As today was almost a carbon copy of yesterday and the day before and the day before – long boring haul, arriving in butt-fuck-back-of-beyond with a big church and no other endearing features, I thought that I’d have little to say today, but au contraire.

It started badly as I endured the buzz-snore harmony that my five lady roommates were so kind as to provide throughout the entire night. It was a trans-Atlantic, Eurovision affair: 2x German (altos), 1x US (soprano) and 1x Irish (booming, basso profundo). Earplugs were no good. The harmony mercilessly pierced the barrier. Only deafness would have protected me.
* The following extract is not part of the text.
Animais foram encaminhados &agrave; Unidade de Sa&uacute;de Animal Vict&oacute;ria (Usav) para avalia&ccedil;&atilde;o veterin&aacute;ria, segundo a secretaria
However, despite the aural setbacks of the night, early on, I thought it could be an auspicious day because a bird crapped on my foot while I was changing socks and a fly flew straight into my piehole as I gulped for air. On that basis, I legged it about 31km, 7km longer than initially planned.

My first segment was 13km, which I enjoyed in the company of Nancy (English pronunciation, not French). Nancy is “Quebeçois” (DO NOT get that wrong, not French, not Canadian…), a former marathon runner who now only does halfs and 10ks (3 months preparation is too much trouble…), she has 15 and 17 year old kids and has been walking for 44 days with another 50 odd left to go. Her hubby joined her for the first week but had to return to work. She worked as a private wealth advisor but was made redundant so time is her friend. This woman could be mistaken for a twenty-something and moves like a Gazelle. She slowed down for me until after breakfast in Sahagun, and then, with compassion, suggested she move on ahead as she was a wee bit faster. Once again, my self-respect is dented, and my ego-damage somewhere between humbled and humiliated. I did catch up with her a short while after breakfast as she re-packed her pack. We walked and chatted a bit more until she put those legs into second gear, and off she went. Ciao.

The second segment was solo to Bercenios del Real Camino, as was the last segment to El Burgo Raneros. Those legs were 10.7km and 7.4km, respectively. Dirt. Scrub. More dirt. More scrub. Nothing to report. Move on.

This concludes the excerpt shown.